Pourtant, à l’étranger, le projet islamiste radical attire certaines personnes ou petits groupes. Au départ certains considèrent que les jihadistes sont les vrais opposants à l’impérialisme américain ou russe. D’autres personnes sont motivées par l’humanitaire : les images atroces de la guerre en Syrie les poussent à aller aider un peuple martyr. Il y a donc des motivations parfois très légitimes, une volonté de combattre pour la justice, contre les crimes de guerre, contre l’impérialisme. Mais les jihadistes ont construit une machine de propagande très efficace pour récupérer ces sentiments à leur profit et attirer petit à petit les personnes les plus motivées dans leurs réseaux. Une fois arrivés au Cham, il est trop tard, il faut suivre l’organisation ou en subir les conséquences. Et les personnes voulant de tout leur cœur aider le peuple syrien en deviennent les bourreaux.

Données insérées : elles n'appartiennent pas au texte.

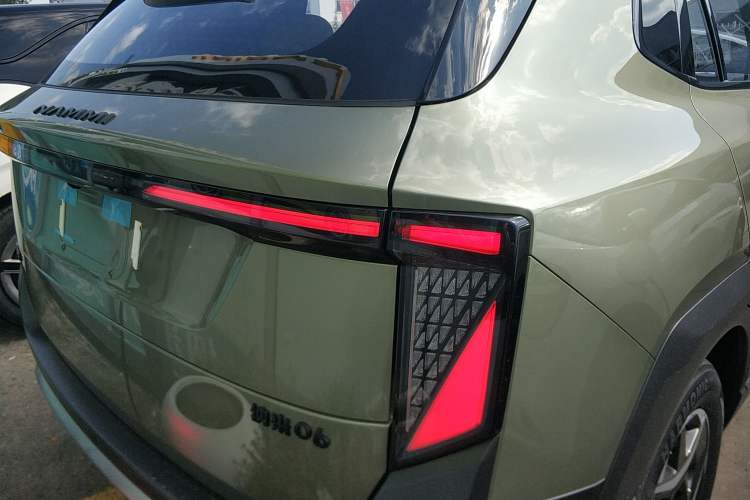 Used Dongfeng NAMMI 06 2025 401 Pro Exterior 6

Quelle est la base de classe de Daesh ? Il est difficile de le savoir avec précision. Nous savons que parmi les nombreux combattants étrangers qui le rejoignent, beaucoup viennent de familles plutôt éduquées. Il ne s’agit pas que de désespérés. L’organisation s’appuie sur des déserteurs, sur des vétérans du Jihad international (pachtounes, tchétchènes, saoudiens et tunisiens notamment) et sur certaines puissantes tribus sunnites irakiennes. La petite-bourgeoise semble particulièrement bien représentée. Au-delà de l’idéologie, Daesh fonctionne donc comme un contrepoids à des régimes baasistes jugés trop laïques et trop tolérants envers le chiisme. C’est un état capitaliste en construction, plus ouvertement brutal que d’autres, et né de la guerre inter-impérialiste en Syrie et des désillusions d’un soulèvement populaire écrasé dans le sang.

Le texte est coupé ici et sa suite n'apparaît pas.